If the Kindle doesn't handle random seek well, it's no better than a textbook
in that regard (textbooks also fail at random seek).

------
sprout
Media, be they iPads or Kindles or paper, are not nearly so important as
content. For the average student, I doubt that either the Kindle or the iPad
can add any content that will offset the cost of the device.

The cash-strapped college student would be best served by a cheap netbook, or
if the student insists on a variety of media appliances, perhaps a laptop with
a large screen. That should be adequate for any sort of interactive content,
and a plethora of free content.

And of course, the student will require a healthy amount of discipline. Both
the iPad and the Kindle make great publicity stunts, but neither is going to
make a significant difference in a student's ability to learn.

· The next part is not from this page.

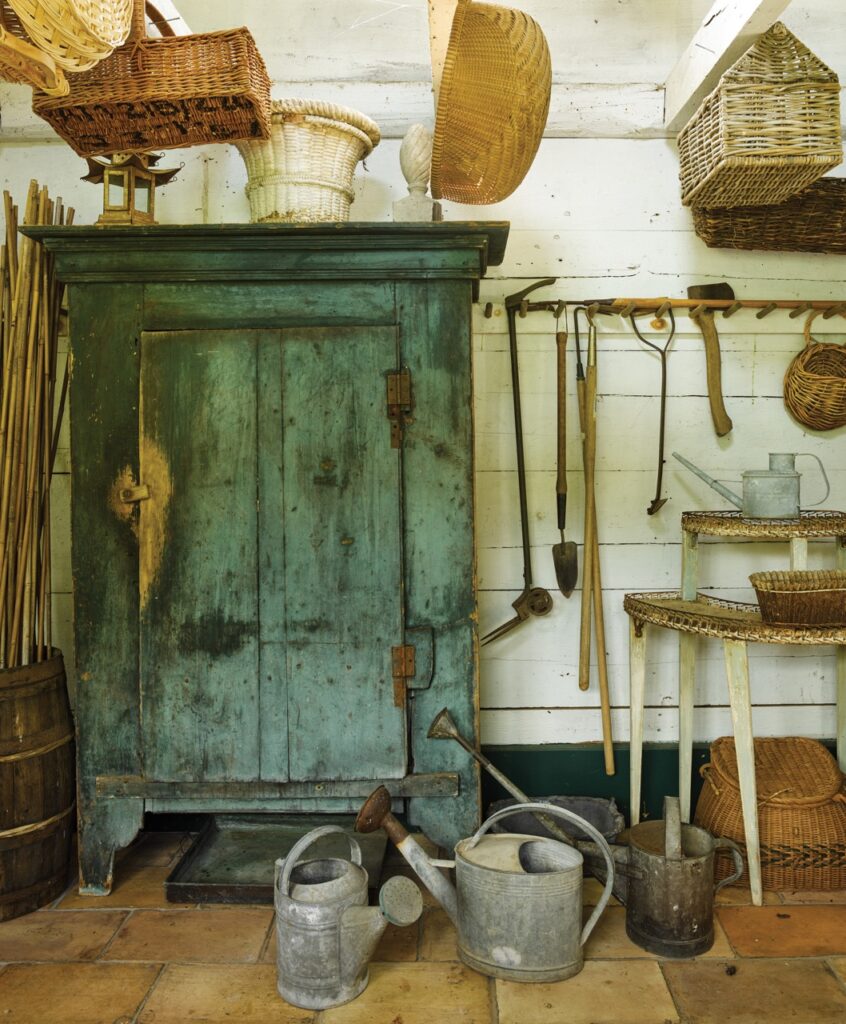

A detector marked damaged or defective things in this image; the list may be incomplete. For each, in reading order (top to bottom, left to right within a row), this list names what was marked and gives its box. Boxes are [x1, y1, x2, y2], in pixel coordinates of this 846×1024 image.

rusty door hinge [386, 368, 412, 448]
rusty door hinge [119, 486, 151, 506]
rusty door hinge [392, 644, 416, 708]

There are a variety of interactive demoes that do help, but personally I think
people should be making those demoes available in cross-platform form, or on
some Linux/BSD variant so any cheap computer can be repurposed to run the
software. If you convince yourself that the iPad or the Kindle or the Courier
is the best device for education, I doubt you really have any insight to offer
on education.

Every device has strengths and weaknesses. I'd say the best devices to allow
skilled educators to create novel educational software are those that place
the least restrictions on the educator. That's neither the iPad or the Kindle.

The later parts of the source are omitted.